Bibliographies

Bibliographies are an essential resource for professors who engage in legal writing scholarship: they help the researcher get up to speed more efficiently, and they alert the writer to ground that has already been well covered by others. Following are a few particularly helpful bibliographies, including several that trace the history of legal writing scholarship and others that collect scholarly resources in specific topic areas.

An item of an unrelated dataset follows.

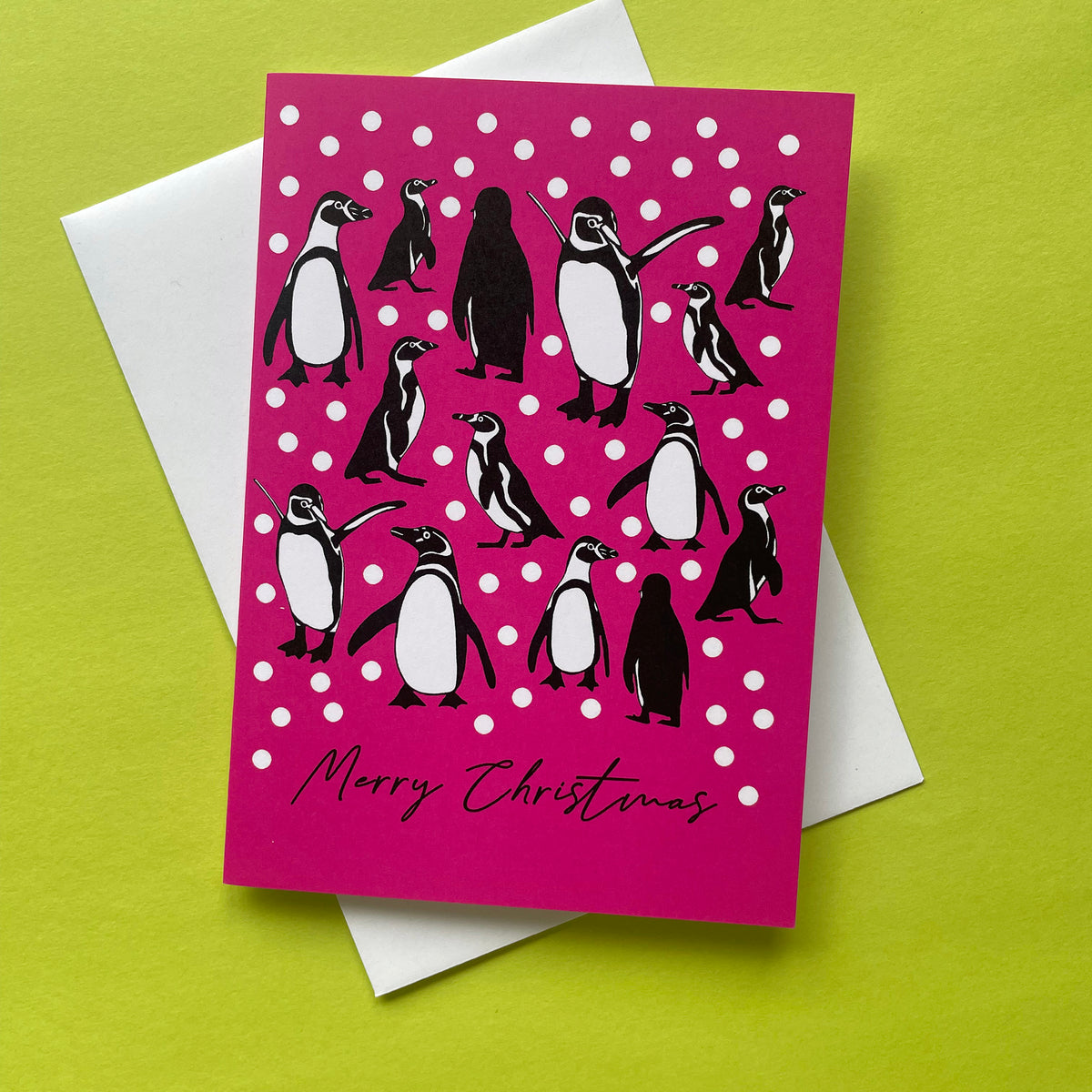 A Christmas greeting card with a bright pink background, white snowballs, and penguin illustrations, placed on top of a white envelope against a lime green background.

History of Legal Writing Scholarship

A rhetorical history written for the 25th anniversary of LWI lists the early bibliographies: The Past, Presence, and Future of Legal Writing Scholarship: Rhetoric, Voice, and Community, 16 J. Legal Writing 521 (Linda L. Berger, Linda H. Edwards & Terrill Pollman) (2010).  Among these are the following:

  • Bibliography of Books, Articles, and Periodicals on Legal Writing Programs and Instruction, to accompany Commun. Skills Comm., Sec. Leg. Educ. & Admis. to B., Sourcebook on Legal Writing Programs (Eric B. Easton ed., 2d ed., ABA 2006) (bibliography available here).
  • Terrill Pollman & Linda H. Edwards, Scholarship by Legal Writing Professors: New Voices in the Legal Academy, 11 Leg. Writing 3, 15 (2005).
  • Michael R. Smith, The Next Frontier: Exploring the Substance of Legal Writing, 2 J. ALWD 1 (2004).
  • James R. Elkins, Teaching Lawyers to Write: A Chronological Bibliography, 22 Leg. Stud. Forum 778 (1998).
  • George D. Gopen & Kary D. Smout, Legal Writing: A Bibliography, 1 Leg. Writing 93 (1991).
  • Terence Collins & Darryl Hattenburger, Law and Language: A Selected Annotated Bibliography on Legal Writing, 33 J. Leg. Educ. 141 (1983).

Monograph Series

LWI’s Monograph Series provides an introduction to disciplinary foundations, often by identifying important early articles on a topic and sometimes by highlighting recent innovations. Scholars can get up to date quickly by consulting the Monograph Series, currently at five volumes, including a new teachers’ desk book, best practices for providing feedback, teaching theory, rhetoric theory and application, and advanced legal writing courses.